“Leer, leer, leer; ¿seré lectura
mañana también yo?
¿Seré mi creador, mi criatura,
seré lo que pasó?”
Miguel de Unamuno
“Ingrediente fundamental do bem-estar” lhe chamou C. S. Lewis em “An Experiment in Criticism” (“A experiência de ler”, 1961); as endorfinas que muitos buscam – e bem – no ginásio, há quem porfie em encontrá-las no momento solitário e sublime da leitura. É certo que são cada vez menos as pessoas dotadas de sensibilidade literária: o vulgo, desfortunadamente, nega-se a reconhecer nela uma atividade humana como qualquer outra, daquelas que têm consequências visíveis e materializáveis como a jardinagem e o “jogging”, por exemplo.

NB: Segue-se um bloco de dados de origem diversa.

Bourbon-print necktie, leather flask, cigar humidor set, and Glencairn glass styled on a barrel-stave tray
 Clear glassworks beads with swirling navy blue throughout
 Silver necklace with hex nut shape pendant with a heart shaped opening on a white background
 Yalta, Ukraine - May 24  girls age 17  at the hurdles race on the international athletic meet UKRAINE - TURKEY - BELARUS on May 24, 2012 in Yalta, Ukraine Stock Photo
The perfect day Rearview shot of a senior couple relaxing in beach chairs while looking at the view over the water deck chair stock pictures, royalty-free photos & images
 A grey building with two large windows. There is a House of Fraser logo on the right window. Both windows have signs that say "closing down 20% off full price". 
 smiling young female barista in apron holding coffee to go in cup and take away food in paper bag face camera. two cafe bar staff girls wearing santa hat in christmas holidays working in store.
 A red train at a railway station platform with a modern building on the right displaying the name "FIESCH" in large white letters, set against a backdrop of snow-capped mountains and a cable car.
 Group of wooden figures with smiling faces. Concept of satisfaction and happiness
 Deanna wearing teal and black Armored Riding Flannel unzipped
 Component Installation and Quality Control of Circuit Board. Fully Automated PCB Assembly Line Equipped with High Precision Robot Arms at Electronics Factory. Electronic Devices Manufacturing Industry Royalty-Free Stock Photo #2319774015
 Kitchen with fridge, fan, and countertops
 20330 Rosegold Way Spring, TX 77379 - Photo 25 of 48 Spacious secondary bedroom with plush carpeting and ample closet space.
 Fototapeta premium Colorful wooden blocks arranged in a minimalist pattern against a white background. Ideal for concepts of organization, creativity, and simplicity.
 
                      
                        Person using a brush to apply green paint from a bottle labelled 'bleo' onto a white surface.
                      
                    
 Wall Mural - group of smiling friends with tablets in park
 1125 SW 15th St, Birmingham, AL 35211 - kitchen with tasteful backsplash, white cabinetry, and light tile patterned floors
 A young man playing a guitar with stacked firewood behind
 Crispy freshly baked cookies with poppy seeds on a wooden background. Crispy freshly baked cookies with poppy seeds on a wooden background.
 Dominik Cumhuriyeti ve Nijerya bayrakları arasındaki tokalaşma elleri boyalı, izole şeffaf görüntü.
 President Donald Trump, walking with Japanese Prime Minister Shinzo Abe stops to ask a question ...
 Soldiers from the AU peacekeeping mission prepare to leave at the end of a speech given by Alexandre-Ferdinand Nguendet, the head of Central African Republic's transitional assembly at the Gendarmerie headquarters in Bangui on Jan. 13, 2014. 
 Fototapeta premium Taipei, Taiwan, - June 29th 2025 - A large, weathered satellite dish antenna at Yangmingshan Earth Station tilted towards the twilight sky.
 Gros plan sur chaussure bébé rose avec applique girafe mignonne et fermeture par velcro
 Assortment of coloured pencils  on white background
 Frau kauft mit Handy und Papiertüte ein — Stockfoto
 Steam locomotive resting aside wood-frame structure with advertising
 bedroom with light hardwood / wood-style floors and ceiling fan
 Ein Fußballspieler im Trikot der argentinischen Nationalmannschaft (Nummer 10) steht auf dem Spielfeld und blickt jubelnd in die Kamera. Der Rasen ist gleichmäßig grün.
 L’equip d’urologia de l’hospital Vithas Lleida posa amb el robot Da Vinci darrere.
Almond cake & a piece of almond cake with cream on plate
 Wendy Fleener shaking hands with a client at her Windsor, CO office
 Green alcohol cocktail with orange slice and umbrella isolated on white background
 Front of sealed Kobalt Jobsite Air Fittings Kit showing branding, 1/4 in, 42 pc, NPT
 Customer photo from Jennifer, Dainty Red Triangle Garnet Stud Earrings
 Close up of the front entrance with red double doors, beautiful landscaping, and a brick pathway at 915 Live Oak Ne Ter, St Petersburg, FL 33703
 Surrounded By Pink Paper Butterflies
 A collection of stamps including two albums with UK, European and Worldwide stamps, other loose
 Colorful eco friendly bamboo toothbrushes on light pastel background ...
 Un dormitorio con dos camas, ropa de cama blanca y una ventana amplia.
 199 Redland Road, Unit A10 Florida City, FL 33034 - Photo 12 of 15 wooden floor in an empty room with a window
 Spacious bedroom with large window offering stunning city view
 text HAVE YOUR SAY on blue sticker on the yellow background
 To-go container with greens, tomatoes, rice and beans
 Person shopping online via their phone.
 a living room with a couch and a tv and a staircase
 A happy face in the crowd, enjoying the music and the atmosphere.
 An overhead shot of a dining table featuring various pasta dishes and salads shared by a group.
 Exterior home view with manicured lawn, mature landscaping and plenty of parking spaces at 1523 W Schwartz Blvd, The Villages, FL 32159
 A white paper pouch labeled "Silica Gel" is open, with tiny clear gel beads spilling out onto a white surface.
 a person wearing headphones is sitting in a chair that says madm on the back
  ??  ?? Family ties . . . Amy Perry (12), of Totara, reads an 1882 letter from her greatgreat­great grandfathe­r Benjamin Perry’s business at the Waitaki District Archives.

Para essa maioria, “ler” equivale apenas a uma necessidade sucedânea de qualquer obrigação prática ou utilitária – como o folheto de instruções de um eletrodoméstico -, não a um ato espontâneo, libertário e convicto. E essa ideia vinga, sobretudo, porque a opinião pública desconhece que ler é mais do que um exercício imediato de entretenimento pessoal – ler é visitar outros universos para nos superarmos a nós mesmos (C.S. Lewis dixit) e buscarmos a nossa sempre inalcançável plenitude, uma prática humana inconclusa e sem paralelo.
Numa altura em que o lixo livresco nos bombardeia e o pouco que se lê nada tem de literário – mercê da compleição meretrícia das políticas editoriais (já para não falar das abstrusas expressões escritas virtuais) – para quem escreve, ler corresponde a um profundo aprendizado, um encontro substancial connosco mesmos, que nos tonifica o espírito e aproxima à noção totalizante da humanidade. Ler pressupõe um encontro com o belo, com o harmonioso, e, por exclusão de partes, distancia-nos do vulgar, do impuro, do malicioso; é incrementar o melhor de nós, explorarmos os sentimentos mais recônditos e despertar a capacidade de nos comovermos ou deslumbrarmos com situações que a celeridade da vida nos quer vedar: a revelação de um mundo que os nossos pés reprimiram, apenas porque, sem nos darmos conta, nos fomos tornando demasiado pesados…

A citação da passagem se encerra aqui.